What the task requires: Only an exact repetition of the entries will do.

─── Working data ───

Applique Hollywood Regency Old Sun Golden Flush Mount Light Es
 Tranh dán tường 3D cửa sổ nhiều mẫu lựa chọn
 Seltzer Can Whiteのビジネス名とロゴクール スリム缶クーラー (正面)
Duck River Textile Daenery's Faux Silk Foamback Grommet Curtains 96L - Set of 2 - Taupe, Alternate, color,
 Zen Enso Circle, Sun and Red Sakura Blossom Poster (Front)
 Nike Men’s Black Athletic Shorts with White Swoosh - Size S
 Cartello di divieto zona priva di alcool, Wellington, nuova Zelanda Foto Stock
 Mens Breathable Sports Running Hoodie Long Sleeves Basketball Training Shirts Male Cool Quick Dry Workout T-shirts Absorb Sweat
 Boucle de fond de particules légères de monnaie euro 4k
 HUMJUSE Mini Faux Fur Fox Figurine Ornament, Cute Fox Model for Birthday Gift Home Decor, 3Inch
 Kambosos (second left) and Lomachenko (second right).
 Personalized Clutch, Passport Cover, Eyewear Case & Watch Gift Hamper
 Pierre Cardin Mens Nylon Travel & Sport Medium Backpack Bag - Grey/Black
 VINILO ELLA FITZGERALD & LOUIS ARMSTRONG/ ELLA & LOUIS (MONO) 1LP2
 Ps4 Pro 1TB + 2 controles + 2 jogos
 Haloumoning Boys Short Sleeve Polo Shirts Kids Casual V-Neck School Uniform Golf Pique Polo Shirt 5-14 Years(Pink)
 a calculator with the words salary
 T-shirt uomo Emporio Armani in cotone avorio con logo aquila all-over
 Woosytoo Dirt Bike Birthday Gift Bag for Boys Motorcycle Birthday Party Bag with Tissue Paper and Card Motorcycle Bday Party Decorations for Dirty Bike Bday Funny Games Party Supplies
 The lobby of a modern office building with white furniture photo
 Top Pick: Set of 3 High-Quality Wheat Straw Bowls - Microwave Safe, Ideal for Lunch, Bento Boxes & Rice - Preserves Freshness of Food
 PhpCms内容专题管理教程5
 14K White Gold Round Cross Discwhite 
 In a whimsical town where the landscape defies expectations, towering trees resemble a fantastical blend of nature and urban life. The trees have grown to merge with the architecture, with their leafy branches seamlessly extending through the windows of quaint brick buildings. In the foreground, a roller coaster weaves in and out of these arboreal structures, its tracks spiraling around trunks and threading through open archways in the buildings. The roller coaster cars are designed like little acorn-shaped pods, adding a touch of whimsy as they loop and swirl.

───

Expected answer:
Applique Hollywood Regency Old Sun Golden Flush Mount Light Es
 Tranh dán tường 3D cửa sổ nhiều mẫu lựa chọn
 Seltzer Can Whiteのビジネス名とロゴクール スリム缶クーラー (正面)
Duck River Textile Daenery's Faux Silk Foamback Grommet Curtains 96L - Set of 2 - Taupe, Alternate, color,
 Zen Enso Circle, Sun and Red Sakura Blossom Poster (Front)
 Nike Men’s Black Athletic Shorts with White Swoosh - Size S
 Cartello di divieto zona priva di alcool, Wellington, nuova Zelanda Foto Stock
 Mens Breathable Sports Running Hoodie Long Sleeves Basketball Training Shirts Male Cool Quick Dry Workout T-shirts Absorb Sweat
 Boucle de fond de particules légères de monnaie euro 4k
 HUMJUSE Mini Faux Fur Fox Figurine Ornament, Cute Fox Model for Birthday Gift Home Decor, 3Inch
 Kambosos (second left) and Lomachenko (second right).
 Personalized Clutch, Passport Cover, Eyewear Case & Watch Gift Hamper
 Pierre Cardin Mens Nylon Travel & Sport Medium Backpack Bag - Grey/Black
 VINILO ELLA FITZGERALD & LOUIS ARMSTRONG/ ELLA & LOUIS (MONO) 1LP2
 Ps4 Pro 1TB + 2 controles + 2 jogos
 Haloumoning Boys Short Sleeve Polo Shirts Kids Casual V-Neck School Uniform Golf Pique Polo Shirt 5-14 Years(Pink)
 a calculator with the words salary
 T-shirt uomo Emporio Armani in cotone avorio con logo aquila all-over
 Woosytoo Dirt Bike Birthday Gift Bag for Boys Motorcycle Birthday Party Bag with Tissue Paper and Card Motorcycle Bday Party Decorations for Dirty Bike Bday Funny Games Party Supplies
 The lobby of a modern office building with white furniture photo
 Top Pick: Set of 3 High-Quality Wheat Straw Bowls - Microwave Safe, Ideal for Lunch, Bento Boxes & Rice - Preserves Freshness of Food
 PhpCms内容专题管理教程5
 14K White Gold Round Cross Discwhite 
 In a whimsical town where the landscape defies expectations, towering trees resemble a fantastical blend of nature and urban life. The trees have grown to merge with the architecture, with their leafy branches seamlessly extending through the windows of quaint brick buildings. In the foreground, a roller coaster weaves in and out of these arboreal structures, its tracks spiraling around trunks and threading through open archways in the buildings. The roller coaster cars are designed like little acorn-shaped pods, adding a touch of whimsy as they loop and swirl.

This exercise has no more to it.